The partial derivative of the sum of two functions is the sum of the partial derivatives, just like you are used to in the case of single-variable functions, but only when both partial derivatives are with respect to the same variable. The partial derivatives of different variables do not add up in the manner you imagine; and in any case, the ebook definitely means to take the partial derivative of one variable over the entire sum.

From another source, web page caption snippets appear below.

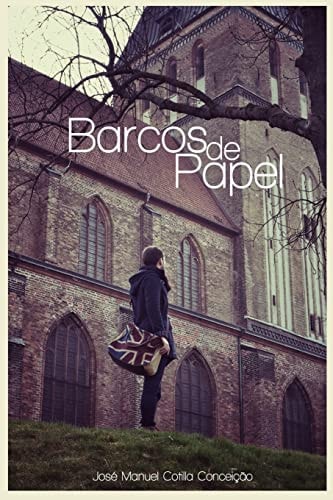 Barcos de Papel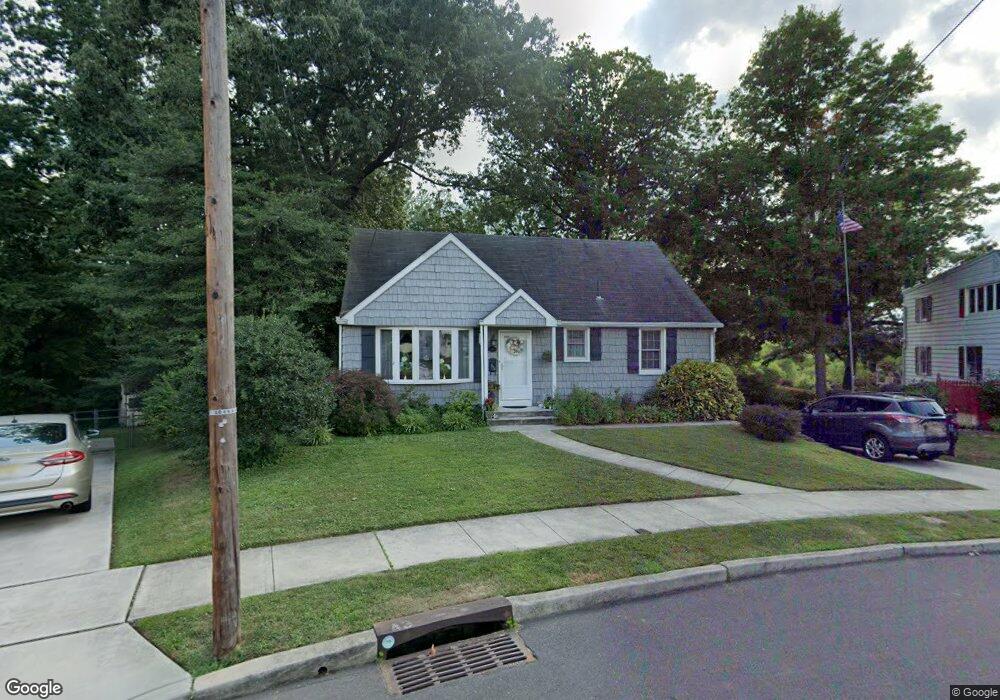 510 W Cedar Ave, Oaklyn, NJ 08107 - photo 1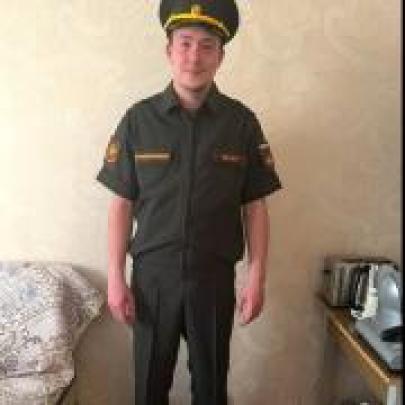 Ким Александр Родионович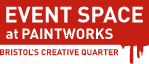 Events at Paintworks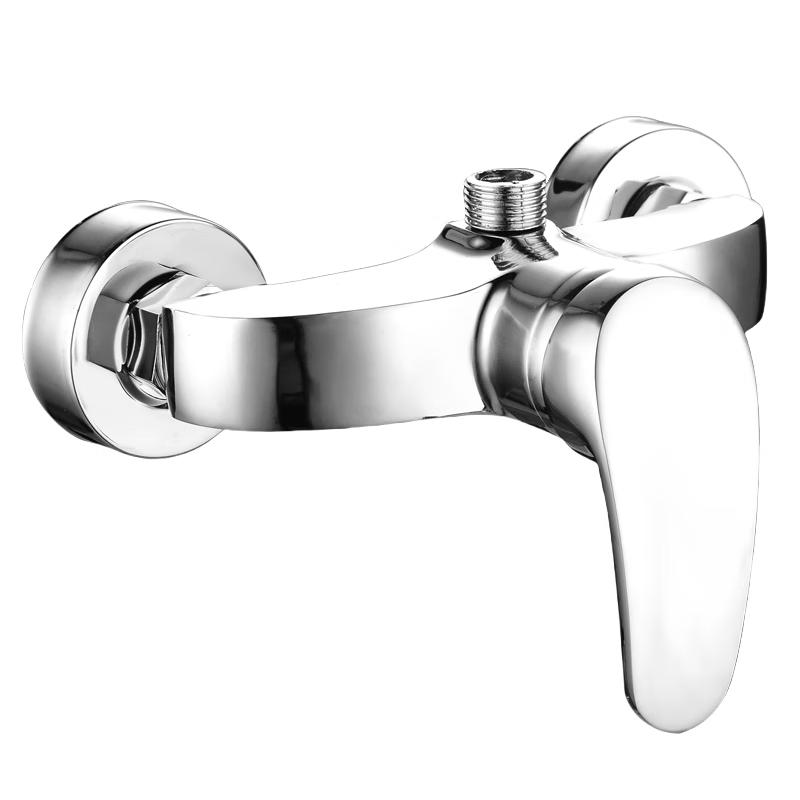 Jing Mian Concealed Copper Faucet Mixer Valve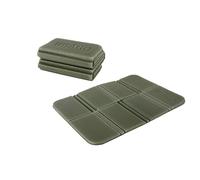 Outdoor Foam Mat - Reclining Barrier, Durable Closedcell Resting Equipment | Recyclable Folding Protector Compatible Trekking Adventures Sporting Gatherings Providing Dry Clean Comfortable
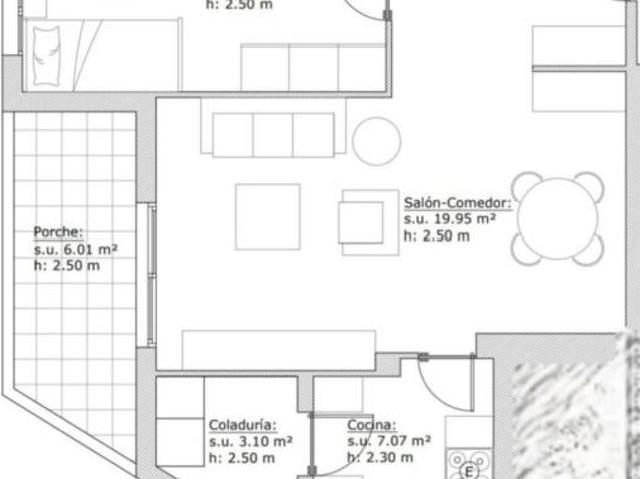Piso Venta Palma de Mallorca, El Rafal Nou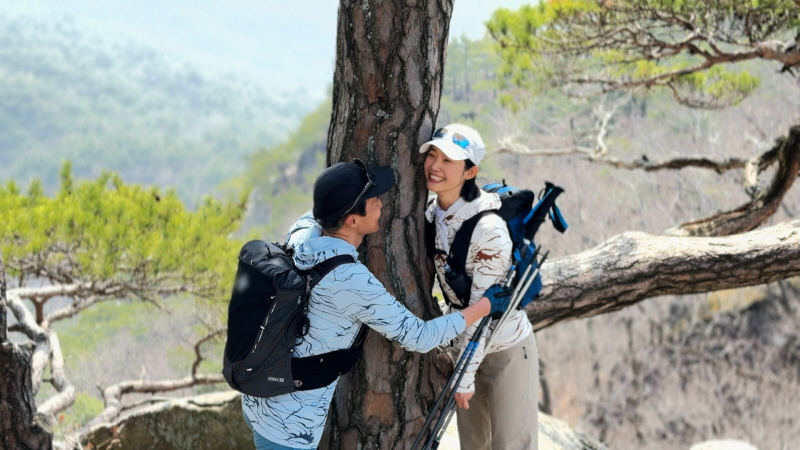  KBS 2TV <영상앨범 산>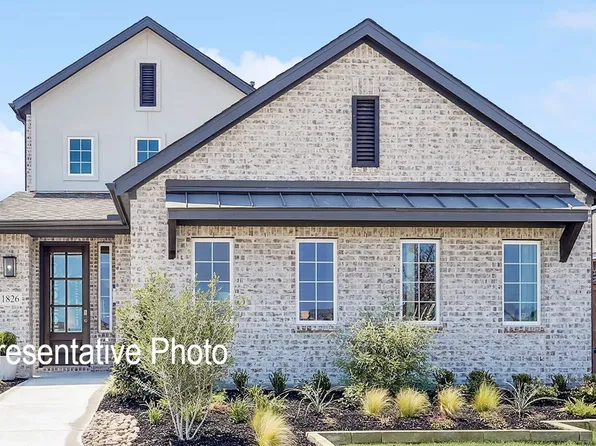 620 Russell Dr, Princeton, TX 75407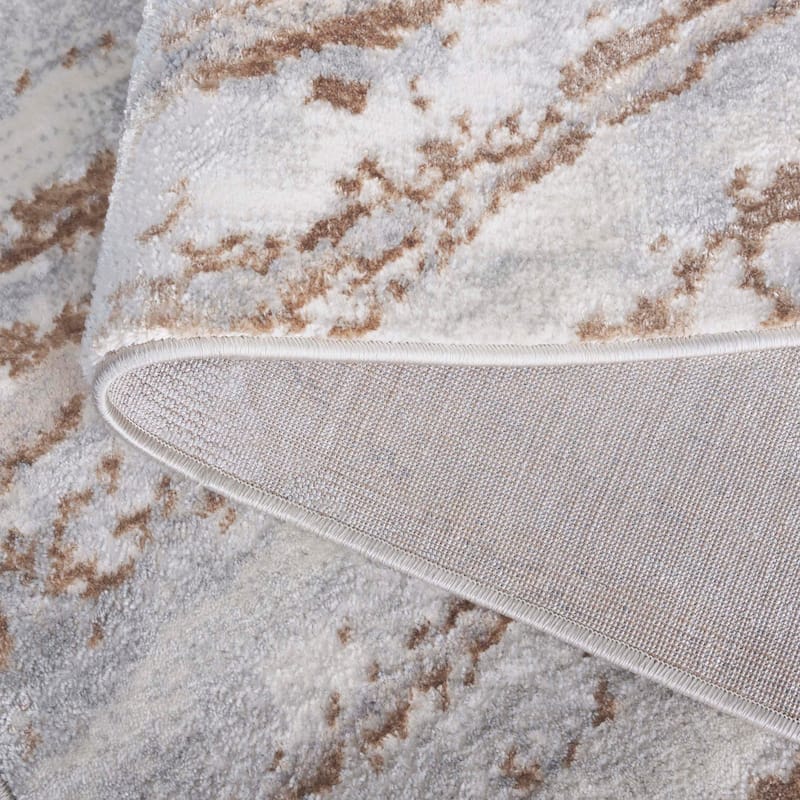 SAFAVIEH Aura Latinka Modern & Contemporary Rug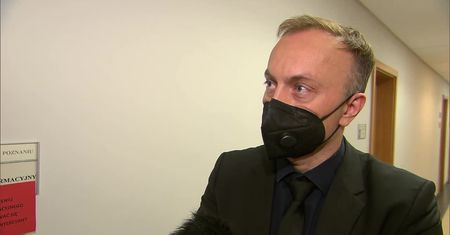 Sąd odrzucił apelację, Tomasz J. skazany na dożywocie za morderstwo i wysadzenie kamienicy w Poznaniu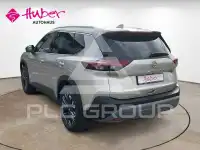 2026 Nissan X-TRAIL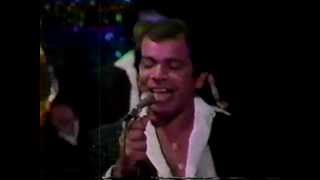 Aniceto Molina y La Luz Roja De San Marcos / Mercedes (En vivo)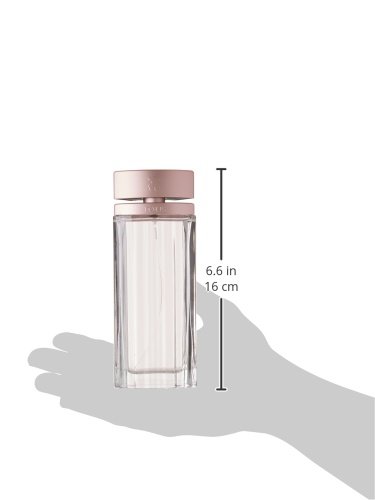 TOUS TOUS M2345 L'EAU agua de perfume vaporizador 90 ml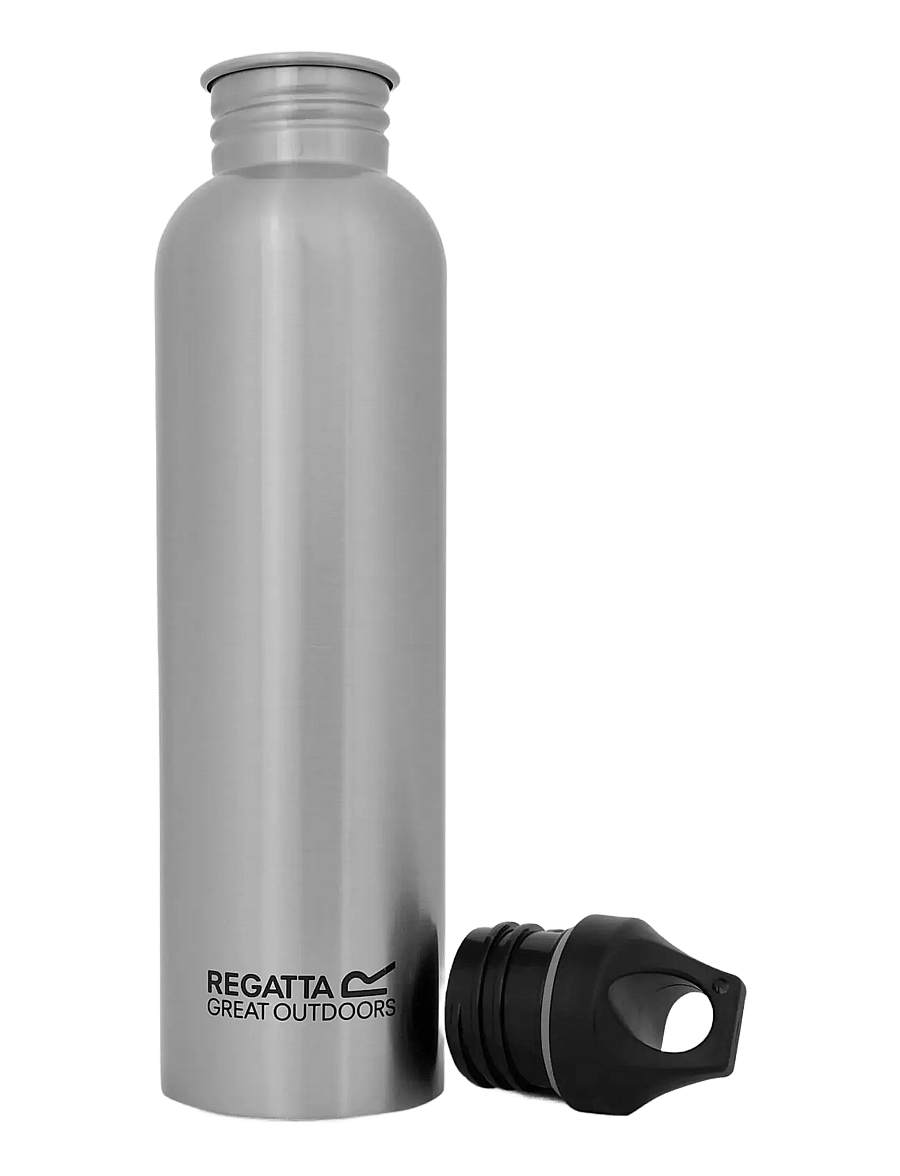 Regatta - StainlesStlBtle1L - veepudelid ja termosed - silver - 3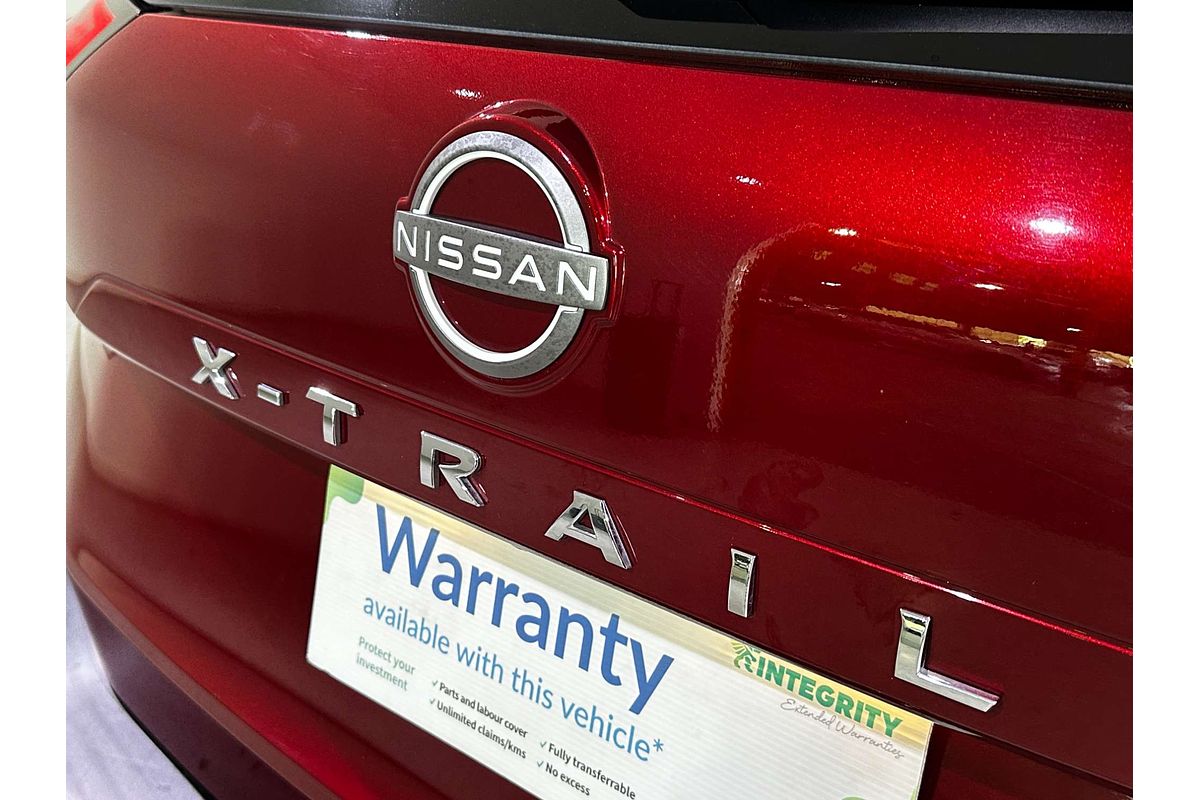 2023 Nissan X-TRAIL Ti T33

When we write $$ \frac{\partial}{\partial w_j} w_i^2, $$ the result is zero unless $i = j,$ because in a partial derivative $\frac{\partial}{\partial w_j}$ over the variables $w_1, \ldots, w_m,$ all the variables except $w_j$ act like constants. On the other hand, $$ \frac{\partial}{\partial w_j} w_j^2 = 2w_j, $$ because that describes how the function $w_j^2$ changes as we vary $w_j.$
To spell it out in gory detail, what you actually have is \begin{align} \frac{\partial}{\partial w_j} \frac{\lambda}{2n} \sum_{i=1}^m w_i^2 &= \frac{\lambda}{2n} \frac{\partial}{\partial w_j}\left( w_1^2 + \cdots + w_{j-1}^2 + w_j^2 + w_{j-1}^2 + \cdots + w_m^2 \right) \\ & = \frac{\lambda}{2n} \left(\frac{\partial}{\partial w_j}w_1^2 + \cdots + \frac{\partial}{\partial w_j}w_{j-1}^2 + \frac{\partial}{\partial w_j}w_j^2 + \frac{\partial}{\partial w_j}w_{j+1}^2 + \cdots + \frac{\partial}{\partial w_j}w_m^2 \right) \\ & = \frac{\lambda}{2n} \left(0 + \cdots + 0 + 2w_j + 0 + \cdots + 0\right) \\ & = \frac{\lambda}{n} w_j. \end{align}